- _Exercise data_:
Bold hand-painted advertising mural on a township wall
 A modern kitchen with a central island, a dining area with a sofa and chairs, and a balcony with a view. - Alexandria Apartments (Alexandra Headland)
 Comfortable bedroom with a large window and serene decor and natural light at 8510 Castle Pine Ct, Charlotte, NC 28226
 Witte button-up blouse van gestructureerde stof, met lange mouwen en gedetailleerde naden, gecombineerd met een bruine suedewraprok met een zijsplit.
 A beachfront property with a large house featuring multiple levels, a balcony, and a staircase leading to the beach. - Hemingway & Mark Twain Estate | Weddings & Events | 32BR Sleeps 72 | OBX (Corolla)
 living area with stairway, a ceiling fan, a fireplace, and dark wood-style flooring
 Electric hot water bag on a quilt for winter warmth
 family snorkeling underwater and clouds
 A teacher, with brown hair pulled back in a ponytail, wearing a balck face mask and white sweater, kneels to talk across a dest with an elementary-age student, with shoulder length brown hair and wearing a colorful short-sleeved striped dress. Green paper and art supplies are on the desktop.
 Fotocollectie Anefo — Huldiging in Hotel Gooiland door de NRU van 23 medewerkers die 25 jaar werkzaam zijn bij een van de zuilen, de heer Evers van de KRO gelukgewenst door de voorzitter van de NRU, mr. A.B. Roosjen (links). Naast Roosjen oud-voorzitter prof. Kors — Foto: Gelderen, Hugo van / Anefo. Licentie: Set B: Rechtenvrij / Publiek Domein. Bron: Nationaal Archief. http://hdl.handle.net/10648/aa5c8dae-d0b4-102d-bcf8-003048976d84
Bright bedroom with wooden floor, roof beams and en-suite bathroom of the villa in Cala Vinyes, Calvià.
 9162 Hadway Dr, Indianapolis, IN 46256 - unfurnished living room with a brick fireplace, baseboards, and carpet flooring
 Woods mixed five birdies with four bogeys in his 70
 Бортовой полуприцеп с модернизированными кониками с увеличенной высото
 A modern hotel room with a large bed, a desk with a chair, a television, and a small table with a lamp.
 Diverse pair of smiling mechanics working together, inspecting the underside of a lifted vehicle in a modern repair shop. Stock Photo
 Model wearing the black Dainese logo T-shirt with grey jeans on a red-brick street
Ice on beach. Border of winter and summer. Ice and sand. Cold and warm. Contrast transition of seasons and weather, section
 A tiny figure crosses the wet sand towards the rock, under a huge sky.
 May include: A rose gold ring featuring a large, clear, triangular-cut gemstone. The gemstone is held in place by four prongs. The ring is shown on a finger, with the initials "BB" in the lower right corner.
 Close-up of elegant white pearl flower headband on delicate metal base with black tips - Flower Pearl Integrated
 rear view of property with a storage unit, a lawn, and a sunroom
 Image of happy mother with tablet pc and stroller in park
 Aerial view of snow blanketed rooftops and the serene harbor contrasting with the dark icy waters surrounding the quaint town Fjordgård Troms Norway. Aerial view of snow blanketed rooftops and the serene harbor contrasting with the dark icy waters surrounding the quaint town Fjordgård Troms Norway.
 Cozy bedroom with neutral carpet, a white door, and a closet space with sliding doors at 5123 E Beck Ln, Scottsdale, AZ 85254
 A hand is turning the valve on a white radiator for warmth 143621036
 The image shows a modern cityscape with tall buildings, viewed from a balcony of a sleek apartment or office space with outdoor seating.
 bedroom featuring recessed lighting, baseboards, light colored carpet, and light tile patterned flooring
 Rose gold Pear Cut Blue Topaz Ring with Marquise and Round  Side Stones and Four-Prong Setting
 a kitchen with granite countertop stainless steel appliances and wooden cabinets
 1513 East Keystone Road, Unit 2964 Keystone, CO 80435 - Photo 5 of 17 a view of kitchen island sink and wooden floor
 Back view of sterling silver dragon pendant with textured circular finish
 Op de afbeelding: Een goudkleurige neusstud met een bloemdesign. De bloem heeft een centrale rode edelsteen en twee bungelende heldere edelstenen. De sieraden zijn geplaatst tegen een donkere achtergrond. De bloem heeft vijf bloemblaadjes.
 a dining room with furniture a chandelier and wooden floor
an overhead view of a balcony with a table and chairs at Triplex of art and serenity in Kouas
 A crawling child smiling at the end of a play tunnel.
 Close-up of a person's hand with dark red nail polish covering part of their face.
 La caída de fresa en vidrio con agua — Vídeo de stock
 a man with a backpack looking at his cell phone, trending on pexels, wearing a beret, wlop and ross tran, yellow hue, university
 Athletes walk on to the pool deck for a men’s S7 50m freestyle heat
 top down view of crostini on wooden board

- _What you will do_: Starting from the line that contains "Close-up of a", transcribe each line to the end of the records above. Please add nothing.

- _Exercise result_:
 Close-up of a person's hand with dark red nail polish covering part of their face.
 La caída de fresa en vidrio con agua — Vídeo de stock
 a man with a backpack looking at his cell phone, trending on pexels, wearing a beret, wlop and ross tran, yellow hue, university
 Athletes walk on to the pool deck for a men’s S7 50m freestyle heat
 top down view of crostini on wooden board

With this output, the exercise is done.